5. The appellant filed his submissions on 15th May 2023 thus submitting that; the element of penetration wasn’t proved to the required standards by the prosecution. He argued that the trial magistrate erred when the complainant stated that the appellant placed his ‘thing’ into her private parts. That it was not outright what ‘thing’ meant in the circumstances and therefore, the trial magistrate could not be absolutely sure on what the complaint referred to. That he had previously made an application for the matter to start de novo upon the new magistrate taking over the case to no avail.

6. Additionally, he submitted that PW3 did not absolutely state what caused the rupture of PW1’s hymen. Further, that it was not established whether the same was fresh or not and therefore, the same made the prosecution’s evidence non conclusive. He reiterated that the prosecution witnesses’ evidence was not credible as the same was riddled with doubts.

7. That the age of the complainant was not determined and therefore, his sentence was not credible. He cited inter alia the case of Denis Abuya v Republic Criminal Appeal No. 164 of 2009 to buttress the fact that age of the victim cannot be gainsaid as the same had a bearing towards the sentence to be meted out.

8. On the ground that his defence was not considered, the appellant submitted that the trial court did not give any reason why his defence was not applicable yet the same was cogent. He relied inter alia on the case of Victor Mwenda v Republic [2014] eKLR where it was held that the burden of proving the falsity, if at all of an accused person’s defence of alibi lies on the prosecution. He prayed that this court quashes his conviction and thereafter set aside the sentence.

9. Mr. Kihara for the respondent on his part submitted in his submissions dated 25. 04. 2023 that the grounds of appeal raised by the appellant were not merited in as far as they sought to contest the decision by the trial court to convict and sentence him. Reliance was placed on the case of Hudson Ali Mwachongo v Republic [2016] eKLR and Francis Omuroni v Uganda Criminal Appeal No. 2 of 2000 to buttress the importance of proving the age of the victim of defilement under the Sexual Offences Act.

10. Further, that apart from medical evidence, age may also be proved by a birth certificate, the testimony of the victim’s parents or guardian or by observation or common sense. According to the respondent, the appeal was not only frivolous but also baseless and therefore ought to be dismissed. On sentence, it was submitted that the sentence invoked by the court was not only legal but also appropriate in the given circumstances.

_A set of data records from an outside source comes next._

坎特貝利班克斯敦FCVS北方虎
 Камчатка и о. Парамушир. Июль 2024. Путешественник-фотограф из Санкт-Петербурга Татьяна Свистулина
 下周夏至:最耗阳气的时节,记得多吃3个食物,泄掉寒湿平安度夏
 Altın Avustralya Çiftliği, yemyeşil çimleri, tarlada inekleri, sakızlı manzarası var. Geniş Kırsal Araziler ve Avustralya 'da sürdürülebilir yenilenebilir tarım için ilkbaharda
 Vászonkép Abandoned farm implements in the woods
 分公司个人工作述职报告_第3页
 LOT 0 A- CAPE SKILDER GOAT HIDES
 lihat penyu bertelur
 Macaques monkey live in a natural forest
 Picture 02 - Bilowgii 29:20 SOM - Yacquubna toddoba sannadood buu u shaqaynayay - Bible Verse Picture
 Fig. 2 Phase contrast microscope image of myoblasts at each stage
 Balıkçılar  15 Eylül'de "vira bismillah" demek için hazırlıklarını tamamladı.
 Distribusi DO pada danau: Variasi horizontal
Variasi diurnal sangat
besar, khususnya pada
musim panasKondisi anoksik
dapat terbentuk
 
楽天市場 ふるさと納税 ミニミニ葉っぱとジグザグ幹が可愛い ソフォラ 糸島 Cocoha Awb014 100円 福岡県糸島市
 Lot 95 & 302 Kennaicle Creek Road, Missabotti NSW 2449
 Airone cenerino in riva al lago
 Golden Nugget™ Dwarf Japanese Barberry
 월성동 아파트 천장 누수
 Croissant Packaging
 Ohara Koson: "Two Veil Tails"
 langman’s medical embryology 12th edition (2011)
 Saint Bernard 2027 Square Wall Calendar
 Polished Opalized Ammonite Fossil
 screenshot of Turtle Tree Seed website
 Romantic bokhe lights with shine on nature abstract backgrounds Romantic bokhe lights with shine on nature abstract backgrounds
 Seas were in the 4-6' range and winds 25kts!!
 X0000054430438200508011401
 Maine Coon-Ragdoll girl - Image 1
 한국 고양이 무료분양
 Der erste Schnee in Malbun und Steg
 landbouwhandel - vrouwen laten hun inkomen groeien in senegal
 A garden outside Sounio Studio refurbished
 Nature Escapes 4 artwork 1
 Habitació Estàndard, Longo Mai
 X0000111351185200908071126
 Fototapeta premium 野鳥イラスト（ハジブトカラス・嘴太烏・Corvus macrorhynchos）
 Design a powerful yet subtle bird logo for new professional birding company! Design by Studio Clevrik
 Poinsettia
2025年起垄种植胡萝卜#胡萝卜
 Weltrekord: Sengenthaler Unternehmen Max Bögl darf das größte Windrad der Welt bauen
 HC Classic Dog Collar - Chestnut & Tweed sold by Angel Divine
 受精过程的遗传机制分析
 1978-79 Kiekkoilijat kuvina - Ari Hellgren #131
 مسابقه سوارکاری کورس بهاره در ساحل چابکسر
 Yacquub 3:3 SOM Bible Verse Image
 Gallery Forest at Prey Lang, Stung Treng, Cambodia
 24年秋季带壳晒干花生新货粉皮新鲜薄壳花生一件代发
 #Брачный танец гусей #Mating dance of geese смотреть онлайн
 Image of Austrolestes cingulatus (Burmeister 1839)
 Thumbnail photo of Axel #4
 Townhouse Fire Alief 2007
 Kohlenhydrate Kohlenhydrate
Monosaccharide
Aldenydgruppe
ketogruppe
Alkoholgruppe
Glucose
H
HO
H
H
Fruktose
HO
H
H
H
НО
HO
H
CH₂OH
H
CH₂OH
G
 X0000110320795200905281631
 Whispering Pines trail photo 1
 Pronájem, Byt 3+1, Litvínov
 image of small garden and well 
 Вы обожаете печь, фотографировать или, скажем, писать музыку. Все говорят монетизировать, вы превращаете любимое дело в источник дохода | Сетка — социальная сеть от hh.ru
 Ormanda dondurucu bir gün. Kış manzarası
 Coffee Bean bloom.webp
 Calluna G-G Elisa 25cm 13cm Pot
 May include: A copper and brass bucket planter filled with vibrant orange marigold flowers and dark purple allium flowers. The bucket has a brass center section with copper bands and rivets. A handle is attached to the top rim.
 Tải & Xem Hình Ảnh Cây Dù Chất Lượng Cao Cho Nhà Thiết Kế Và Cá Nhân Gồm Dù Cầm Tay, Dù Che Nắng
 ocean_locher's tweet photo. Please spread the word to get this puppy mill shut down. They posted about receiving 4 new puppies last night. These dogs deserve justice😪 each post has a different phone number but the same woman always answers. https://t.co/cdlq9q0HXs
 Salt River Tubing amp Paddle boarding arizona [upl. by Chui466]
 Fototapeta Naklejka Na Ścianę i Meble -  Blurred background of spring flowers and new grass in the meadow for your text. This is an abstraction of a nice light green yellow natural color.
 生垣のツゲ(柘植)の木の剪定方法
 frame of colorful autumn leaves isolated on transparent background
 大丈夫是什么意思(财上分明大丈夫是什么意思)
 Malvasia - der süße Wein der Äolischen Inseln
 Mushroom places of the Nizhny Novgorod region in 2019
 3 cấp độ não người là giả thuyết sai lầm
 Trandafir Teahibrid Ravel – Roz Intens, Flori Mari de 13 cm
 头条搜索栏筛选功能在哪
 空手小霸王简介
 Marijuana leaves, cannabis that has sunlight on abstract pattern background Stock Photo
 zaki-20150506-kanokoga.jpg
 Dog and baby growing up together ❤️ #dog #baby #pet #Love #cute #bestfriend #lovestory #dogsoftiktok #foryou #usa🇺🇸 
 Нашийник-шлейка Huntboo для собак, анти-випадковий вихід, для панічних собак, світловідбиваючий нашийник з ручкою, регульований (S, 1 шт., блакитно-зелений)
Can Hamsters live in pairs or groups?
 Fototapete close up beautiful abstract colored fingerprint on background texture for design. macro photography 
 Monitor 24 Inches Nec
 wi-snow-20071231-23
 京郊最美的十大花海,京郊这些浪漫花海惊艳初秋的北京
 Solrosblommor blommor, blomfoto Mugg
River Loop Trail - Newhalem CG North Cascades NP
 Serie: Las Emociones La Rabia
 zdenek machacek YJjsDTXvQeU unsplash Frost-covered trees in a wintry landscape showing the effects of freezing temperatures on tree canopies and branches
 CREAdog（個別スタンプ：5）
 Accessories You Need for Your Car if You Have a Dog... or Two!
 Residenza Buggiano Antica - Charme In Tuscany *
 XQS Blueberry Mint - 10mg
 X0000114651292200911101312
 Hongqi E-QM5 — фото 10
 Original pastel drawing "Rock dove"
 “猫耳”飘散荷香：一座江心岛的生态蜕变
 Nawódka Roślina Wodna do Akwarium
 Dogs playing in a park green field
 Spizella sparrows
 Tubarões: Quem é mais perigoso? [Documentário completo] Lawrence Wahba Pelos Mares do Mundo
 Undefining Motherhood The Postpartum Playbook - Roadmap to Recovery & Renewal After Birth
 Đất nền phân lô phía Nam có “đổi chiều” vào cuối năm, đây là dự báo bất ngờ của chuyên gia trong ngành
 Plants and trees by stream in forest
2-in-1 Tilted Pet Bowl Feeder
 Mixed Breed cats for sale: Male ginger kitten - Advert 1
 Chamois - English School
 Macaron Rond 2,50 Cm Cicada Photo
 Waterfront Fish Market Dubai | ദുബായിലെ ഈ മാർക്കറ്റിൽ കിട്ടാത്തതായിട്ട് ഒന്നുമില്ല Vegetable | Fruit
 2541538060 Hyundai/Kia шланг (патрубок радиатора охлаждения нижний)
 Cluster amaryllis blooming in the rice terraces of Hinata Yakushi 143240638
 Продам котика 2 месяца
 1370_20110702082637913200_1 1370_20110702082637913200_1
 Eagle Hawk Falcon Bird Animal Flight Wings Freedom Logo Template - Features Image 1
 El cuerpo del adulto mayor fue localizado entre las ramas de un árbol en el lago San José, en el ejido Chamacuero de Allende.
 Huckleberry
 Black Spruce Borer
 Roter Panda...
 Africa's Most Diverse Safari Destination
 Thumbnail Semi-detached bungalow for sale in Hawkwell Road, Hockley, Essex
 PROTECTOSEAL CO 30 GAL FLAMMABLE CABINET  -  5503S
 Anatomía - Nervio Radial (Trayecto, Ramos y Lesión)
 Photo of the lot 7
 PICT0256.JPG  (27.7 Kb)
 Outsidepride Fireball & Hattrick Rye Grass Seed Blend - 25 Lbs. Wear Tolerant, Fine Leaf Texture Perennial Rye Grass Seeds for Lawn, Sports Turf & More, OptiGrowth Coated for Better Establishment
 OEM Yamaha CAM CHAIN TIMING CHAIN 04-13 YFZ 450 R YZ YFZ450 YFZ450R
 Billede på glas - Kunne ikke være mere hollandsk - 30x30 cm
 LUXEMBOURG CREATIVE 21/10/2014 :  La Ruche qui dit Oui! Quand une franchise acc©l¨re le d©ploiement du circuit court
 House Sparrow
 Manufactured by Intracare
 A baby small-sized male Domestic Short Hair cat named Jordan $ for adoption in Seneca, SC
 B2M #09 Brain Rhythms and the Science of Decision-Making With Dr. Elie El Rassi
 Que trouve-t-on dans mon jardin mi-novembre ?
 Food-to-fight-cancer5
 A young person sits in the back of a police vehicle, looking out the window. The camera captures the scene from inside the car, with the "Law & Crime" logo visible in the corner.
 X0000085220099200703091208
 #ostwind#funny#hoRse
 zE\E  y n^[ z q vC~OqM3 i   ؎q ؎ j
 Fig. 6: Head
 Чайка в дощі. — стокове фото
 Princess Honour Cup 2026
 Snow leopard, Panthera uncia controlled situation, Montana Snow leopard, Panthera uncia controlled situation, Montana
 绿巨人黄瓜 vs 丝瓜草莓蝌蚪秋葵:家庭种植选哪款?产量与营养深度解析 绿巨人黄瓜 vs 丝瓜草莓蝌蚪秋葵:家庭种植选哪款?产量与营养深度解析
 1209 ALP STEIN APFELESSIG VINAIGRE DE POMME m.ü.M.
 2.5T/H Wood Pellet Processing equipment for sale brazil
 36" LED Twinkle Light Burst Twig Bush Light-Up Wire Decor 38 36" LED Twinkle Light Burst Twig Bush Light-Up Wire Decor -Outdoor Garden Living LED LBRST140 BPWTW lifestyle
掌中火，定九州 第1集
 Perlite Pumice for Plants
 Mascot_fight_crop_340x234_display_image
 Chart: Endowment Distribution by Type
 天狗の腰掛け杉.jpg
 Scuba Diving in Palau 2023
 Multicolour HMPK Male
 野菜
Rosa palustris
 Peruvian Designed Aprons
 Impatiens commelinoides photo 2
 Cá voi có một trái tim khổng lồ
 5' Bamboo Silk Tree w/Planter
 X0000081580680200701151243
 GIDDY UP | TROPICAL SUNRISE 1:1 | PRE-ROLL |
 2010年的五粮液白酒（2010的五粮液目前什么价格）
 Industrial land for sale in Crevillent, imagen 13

11. The duty of this court while exercising its appellate jurisdiction (1stappellate court) was set out by the Court of Appeal in Okeno v. Republic [1972] EA 32 and re-stated in Kiilu and another v R [2005] 1 KLR 174. That duty entails that the court submits the evidence as a whole to a fresh and exhaustive examination and weigh conflicting evidence and draw its own conclusions. In doing so, it should make allowance for the fact that the trial court had the advantage of hearing and seeing the witnesses. Further, the court should be alive to the principle that a finding of fact made by the trial court shall not be interfered with unless it was based on no evidence or on a misapprehension of the evidence or that the trial court acted on the wrong legal principles [See Gunga Baya & another v Republic [2015] eKLR].

12. PW1, P.W stated that on 03. 12. 2018 at about 3. 00 p.m., she had been sent by her mother to purchase ginger at Baba Kendi’s shop. That upon reaching the said shop, she found Baba Kendi, the appellant herein sitting on a chair. She stated that the appellant placed his thing for urinating into her thing and upon finishing, she put on her clothes then left for her home.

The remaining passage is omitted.